In the leading case Hanumant and Another v. The State of Madhya Pradesh, [1952] SCR 1090 it is also cautioned thus:
"In dealing with circumstantial evidence there is always the danger that conjecture or suspicion may take the place of legal proof. It is 28 therefore right to remember that in cases where the evidence is of a circumstantial nature, the circumstances from which the conclusion of guilt is to be drawn should in the first instance be fully established and all the facts so established should be consistent only with the hypothesis of the guilt of the accused. Again, the circumstances should be of a conclusive nature and tendency, and they should be such as to exclude every hypothesis but the one proposed to be proved. In other words, there must be a chain of evidence so far complete as not leave any reasonable ground for a conclusion consistent with the innocence of the accused and it must be such as to show that within all human probability the act must have been done by the accused."

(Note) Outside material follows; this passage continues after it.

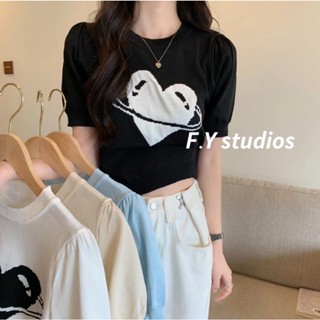 NO.270  พร้อมส่ง เสื้อครอปคอกลม แขนสั้น ลายปักหัวใจ คอกลม สุดน่ารัก เสื้อยืดไหมพรม สไตล์เกาหลี สําหรับผู้หญิง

32. On a re-appreciation of the evidence on record, we are satisfied that there is nothing to support the conclusion arrived at by the learned Sessions Judge and he has entirely acted on hunches, instincts and conjectures which is impermissible in law. Therefore, the impugned judgment dated 31.12.2014 convicting the appellants for the offences punishable under 29 Sections 302, 498-A read with Section 34 of IPC is liable to be set aside. Hence, the following:
ORDER The above appeal is allowed. The judgment of conviction passed by learned Second Additional Sessions Judge in S.C.No.191/2013 dated 31.12.2014 is set aside. The appellants are acquitted of the offences punishable under Sections 302, 498-A read with Section 34 of IPC. They shall be set at liberty forthwith unless their presence is required for the purpose of any other case.